Task details: Begin with the first line of the entries below. Copy each line exactly, stopping after the one that contains "Hotel Bearadise Mountain Getaway - Image 1".

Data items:
☆ ☆ ☆

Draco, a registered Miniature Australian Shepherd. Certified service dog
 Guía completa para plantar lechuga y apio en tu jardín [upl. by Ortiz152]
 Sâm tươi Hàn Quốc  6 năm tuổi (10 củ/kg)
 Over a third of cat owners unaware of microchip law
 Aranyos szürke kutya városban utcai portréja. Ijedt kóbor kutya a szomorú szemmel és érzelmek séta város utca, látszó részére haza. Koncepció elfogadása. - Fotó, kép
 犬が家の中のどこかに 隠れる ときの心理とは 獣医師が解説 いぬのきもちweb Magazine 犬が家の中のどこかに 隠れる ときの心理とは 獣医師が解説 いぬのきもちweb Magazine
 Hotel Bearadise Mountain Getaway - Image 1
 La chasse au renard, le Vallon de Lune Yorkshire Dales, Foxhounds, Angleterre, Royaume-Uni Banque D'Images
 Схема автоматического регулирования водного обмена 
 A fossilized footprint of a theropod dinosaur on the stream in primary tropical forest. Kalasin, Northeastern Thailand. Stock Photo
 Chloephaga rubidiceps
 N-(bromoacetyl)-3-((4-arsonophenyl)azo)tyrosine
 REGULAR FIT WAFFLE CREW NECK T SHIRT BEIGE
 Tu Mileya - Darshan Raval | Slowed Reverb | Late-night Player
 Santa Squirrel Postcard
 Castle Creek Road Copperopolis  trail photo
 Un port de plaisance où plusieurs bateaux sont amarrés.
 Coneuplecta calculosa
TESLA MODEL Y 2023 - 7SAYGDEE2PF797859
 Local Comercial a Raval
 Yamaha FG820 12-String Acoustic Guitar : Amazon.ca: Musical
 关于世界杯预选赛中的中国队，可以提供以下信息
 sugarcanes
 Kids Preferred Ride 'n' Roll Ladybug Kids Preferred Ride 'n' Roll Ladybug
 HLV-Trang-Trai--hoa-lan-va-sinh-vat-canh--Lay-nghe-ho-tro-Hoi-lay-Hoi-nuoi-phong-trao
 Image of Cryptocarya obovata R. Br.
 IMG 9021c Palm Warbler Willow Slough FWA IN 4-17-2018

☆ ☆ ☆

Answer for the task:
Draco, a registered Miniature Australian Shepherd. Certified service dog
 Guía completa para plantar lechuga y apio en tu jardín [upl. by Ortiz152]
 Sâm tươi Hàn Quốc  6 năm tuổi (10 củ/kg)
 Over a third of cat owners unaware of microchip law
 Aranyos szürke kutya városban utcai portréja. Ijedt kóbor kutya a szomorú szemmel és érzelmek séta város utca, látszó részére haza. Koncepció elfogadása. - Fotó, kép
 犬が家の中のどこかに 隠れる ときの心理とは 獣医師が解説 いぬのきもちweb Magazine 犬が家の中のどこかに 隠れる ときの心理とは 獣医師が解説 いぬのきもちweb Magazine
 Hotel Bearadise Mountain Getaway - Image 1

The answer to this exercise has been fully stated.